We're using torches, so I opened the front door of the server rack, and it's just black, the glass is coated in black, the once cream coloured Compaqs are black, the silver rack arms are black, going up the patch panel above is black but you can see the wires look a lot thinner, reaching up they're charred, the plastic has sloughed off of them and later when I have a step ladder I see it's mostly pooled onto the top of the first computer, but it's also seeped into and set within the vents on top and spilled over into the front of the machine.

Above this is the crispy remains of the UPS, there is a hole about 2 by 3 inches around 8 inches from the left of the case bottom, and I can see into the UPS... It's a charred vision of hell.

We take this UPS out of the rack, as it is the ONLY thing in there that had been put in by the local chap, the ONLY things not on the service list, the ONLY thing I had had an issue with.... And we pop the lid, one battery had gone, catastrophically, it had melted acid out, the batteries lay on their side and so the corrosive acid had eaten the rubber off the outside of the wires inside, shorted and an electrical fire had ensued.

The battery acid had then, xenomorph style, eaten out of the bottom of the case and dripped onto the ethernet patch cables, they'd shorted, got hot, dripped more, the acid had also cut through the plastic on the power cables, more electrical shorts... And the gates of hell had opened swallowing the nice working machine.

The clean up was epic, we lifted the servers out to the cleaner area of the IT room, we cleaned the outside and had a pair of Compaq chaps come and clean them... I think they were called Mark and Jeff, and they did an excellent job.

I ordered new cable and thousands of RJ45 connectors and a crimper, setting about rewiring the room, in a better manner.

And I set the guy in charge of the site, Mr "It'll do" to taking out all the racking, jet washing it, putting it back in, redoing the power lines with a guy from the engineering department and I also had him remove all the carpet and the ceiling tiles, and find a supplier for a proper fireproof ceiling.

I also checked with the fire extinguisher guy, and he reckons that we were lucky the room was an hour outside of working hours, because the roof was just ceiling tiles and should never had been fitted with this strange fire system... Despite his being from the same company!... Basically most all the halon had exited via the ceiling tiles!
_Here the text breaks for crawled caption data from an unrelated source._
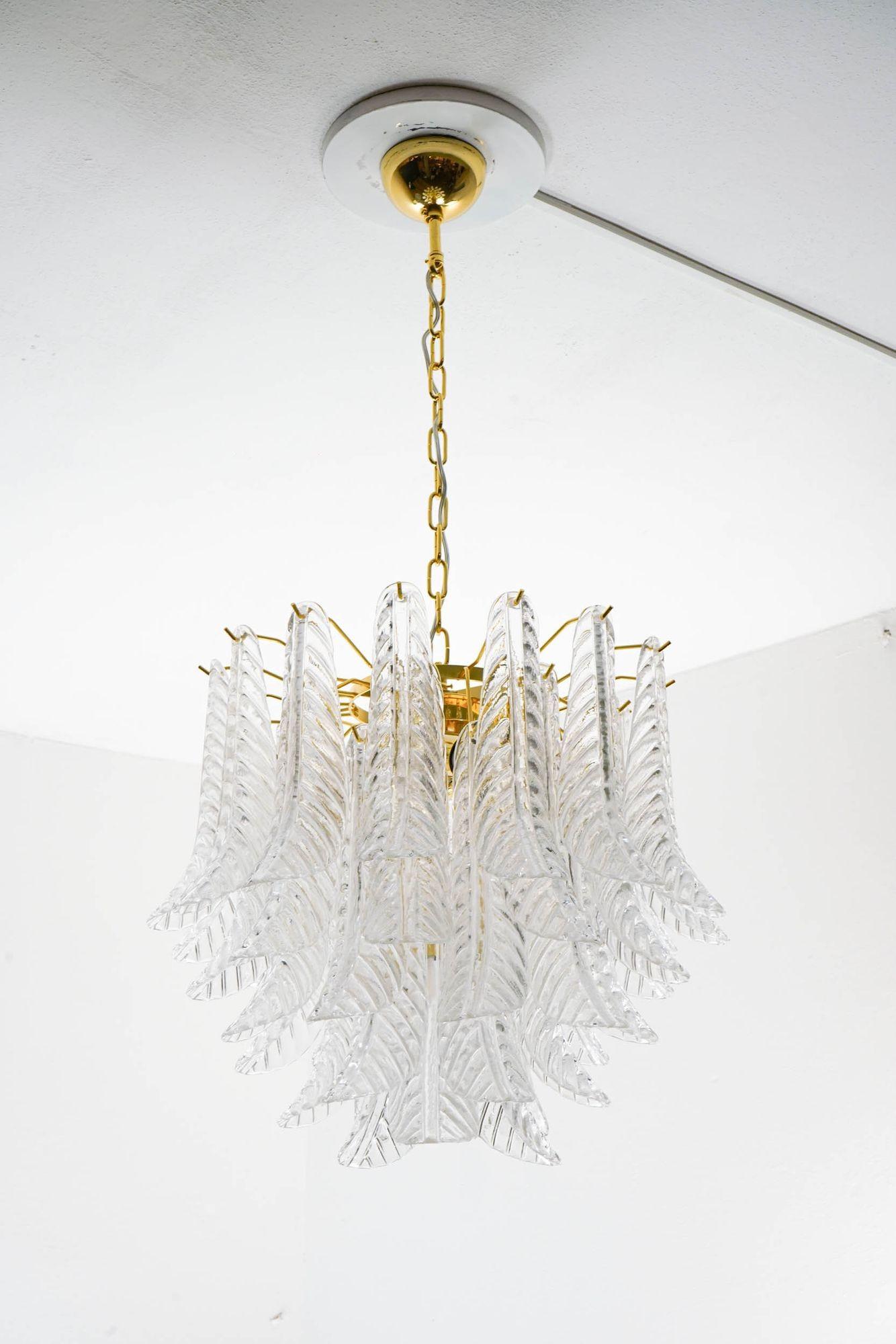Mid-Century Modern Veneziana 5 tiers chandelier. 41 Clear glass piece . Piattelli design. US wired For Sale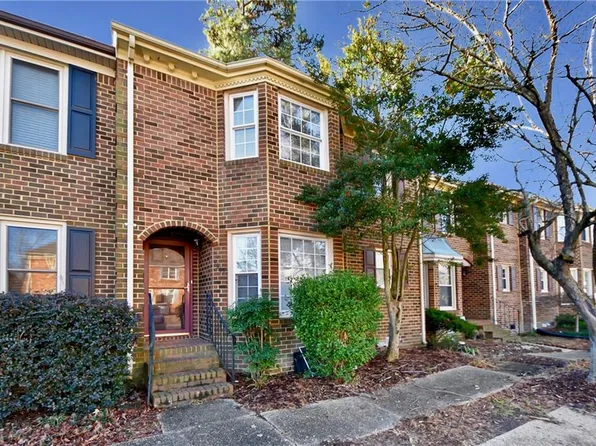 4317 Mountainleaf Ct, Virginia Beach, VA 23462
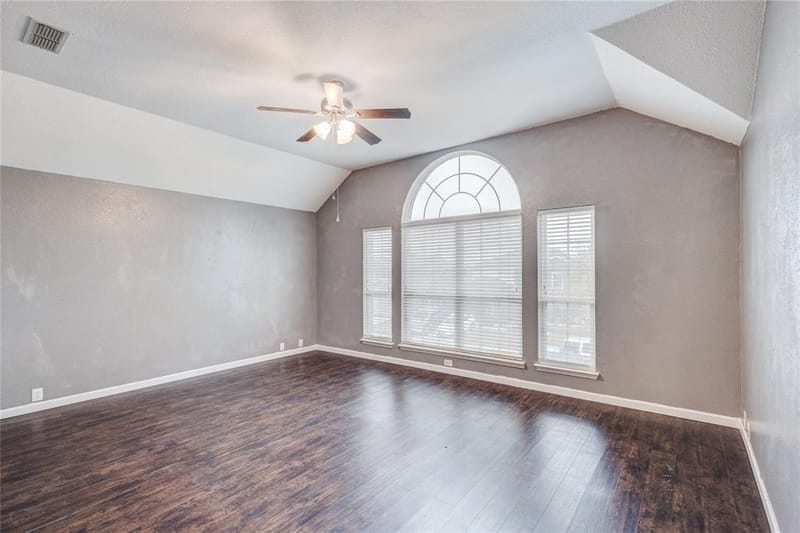 1036 Cottonbelt Drive, Saginaw TX 76131 - Photo 18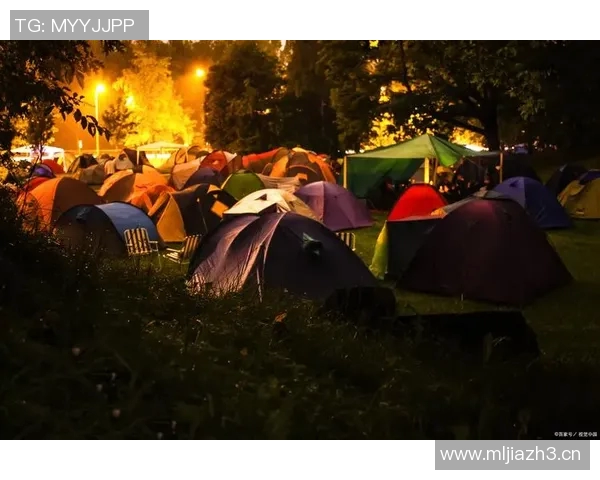 帐篷露营：在自然怀抱中享受自由与宁静的完美体验
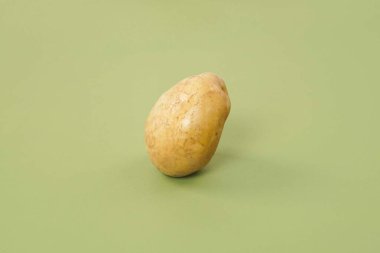 Yıkanmış patates, beyaz arka planda izole edilmiş organik patates. Genç patatesler Patates soyarız. Toplarız. organik, taze kazılmış patatesler. Vejetaryen. Sebzeler. Patates dilimleri..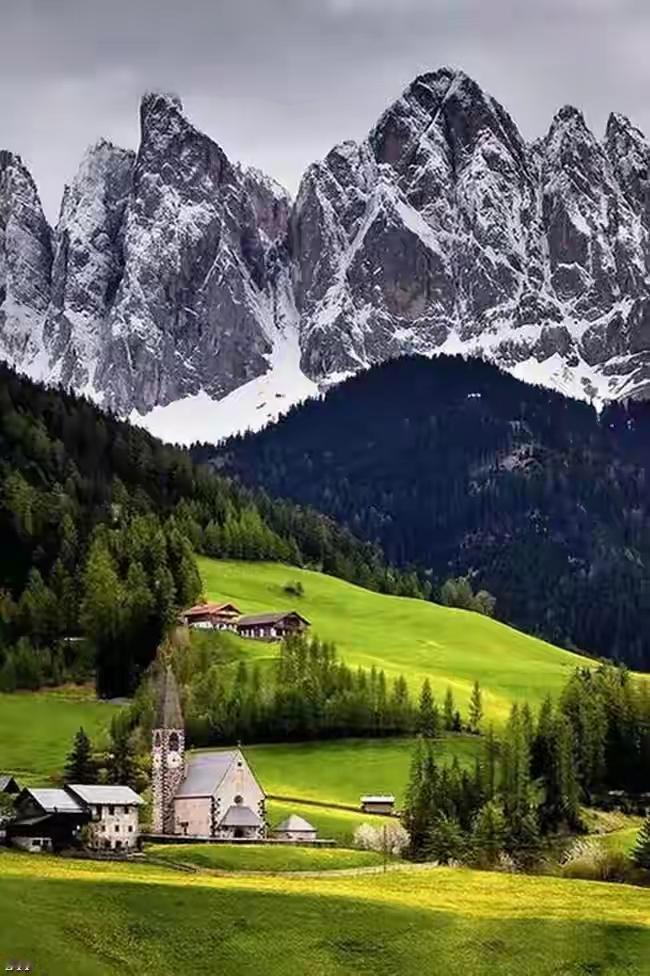 你最幸福的是什么事

深夜加班回家，暴雨，高跟鞋断在路边。正狼狈时，24小时便利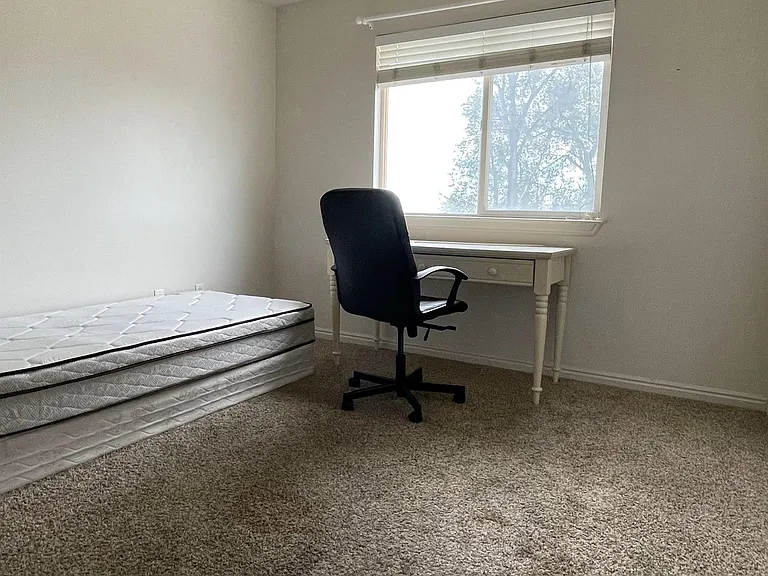 1262 S 1410 E — Photo 19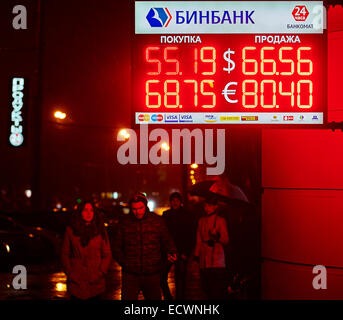 ROSTOVON-DON, la Russie, le 18 décembre, 2014. La lumière rouge de l'information groupe d'exchange point service informe les gens au sujet d'une baisse rapide du coût du rouble en Russie. Banque D'Images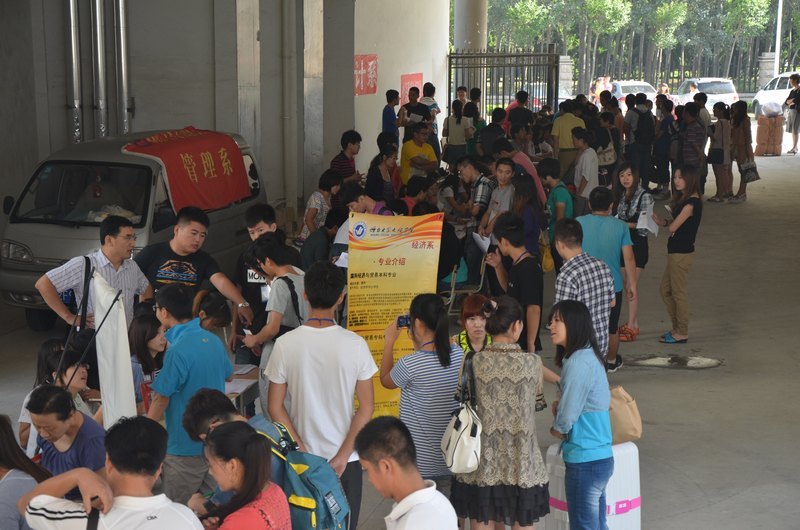 迎接新学年 专升本新生有序报到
Two twenty hour days after all this I had one clean Compaq server, one clean rack and enough ethernet connections to put one patch panel and the server back online, this let our users stop moaning about how slow things were.

The other Compaq, the one closest the mess, was going off to be re-cased, the damage was so bad, but the unit itself worked.

We also now had a new fire safe, as the original had proven to not be smoke proof!

And I had a new certification on the walls being fire proof.

It took three months to recover from this, my end report to the owners, was that it'd cost about £8,500. Not a bad deal considering the whole rebuild of the whole room would have been £40K+

I'd instigated better carpet, better ceiling, better procedure, and I had the brand new branded, supported, service contracted UPS in the bottom of the rack.

The final wash down, was the UPS which had failed, was known to be bad, three weeks before it'd gone up, the site manager had had it out and replaced two of the four battery cells within with a pair he'd bought cheap, he'd done this himself, I was not even aware, and he'd had the bottle to charge the company twice for the batteries, pocketing the difference.

Embezzlement, bad attitude, bad procedures and simply his considering me below him, resulted in his dismissal soon after.

He was the first person I enjoyed firing, he was the first person I'd actually had to actively fire from a role for incompetence, and he was the last person I let dictate to me where kit in a rack sat.

All for the placement of a UPS in a rack...

(Paul, Andy, Max if you recognise this story, you know you were a big part of that clear up, but you were in London, Leicester and Morocco... I was up to my arm pits in that mess!)